Avdat was a road station for caravans established by the Nabateans. It was the Nabateans who controlled Damascas when Paul travelled there (2 Corinthians 11), so this site can give an insight into those people. In biblical times the Nabateans controlled the spice route between Arabia and the Medeteranian. Avdat is a Negev city which is two thousand feet above sea level along the main desert road from Petra to Gaza.1 It was interesting to note that the settlement at Avdat became useless when trade routes changed. When the Caravans no longer came through the site, they tried to attract tourists by building beautiful churches. We walked through these churches, as well as through the caves on the mountainside. It was interesting to imagine what life living in a cave would have been like, it was a lot less cold than I was expecting!

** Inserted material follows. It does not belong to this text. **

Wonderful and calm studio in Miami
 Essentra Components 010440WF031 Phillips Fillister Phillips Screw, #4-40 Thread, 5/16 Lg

After leaving Avdat, we got on the bus for a short trip down to Wadi Avdat. This was a massive canyon with a small amount of water in the bottom. The birds flying through the canyon made for a spectacular sight! Springs of water emerge from the layers of the rocks. When rain falls, the water permeates the rocks. The water evaporates, leaving salt, while some water gets trapped. When the rock gets struck, water can flow out of the rocks. This is how the Bedouins found water in the desert. Although not the same location, this is likely to be what happened when Moses was commanded to strike a rock for water to come out for the Israelites to drink in Exodus 17. Visiting this site really deepened my understanding of this passage, helping me understand how it was possible for the water to come out of the rocks. I don’t think it diminishes the significance of the miracle though, since it still happened when God said it would happen. God made it work, not Moses.
The highlight of my day was visiting the probable place of the David and Goliath battle, in the Elah Valley (1 Samuel 17). This was a favourite story of mine growing up as a kid. We were able to see the two mountains where the Philistines and the Israelites stood on. The mountains were a lot smaller and closer than I was expecting. The sides were steep and rocky, perfect to look for stones to load up a sling shot!
1 W. Zanger, 'Avdat of the Nabateens,' Biblical Archeology Review 25(1999) 68.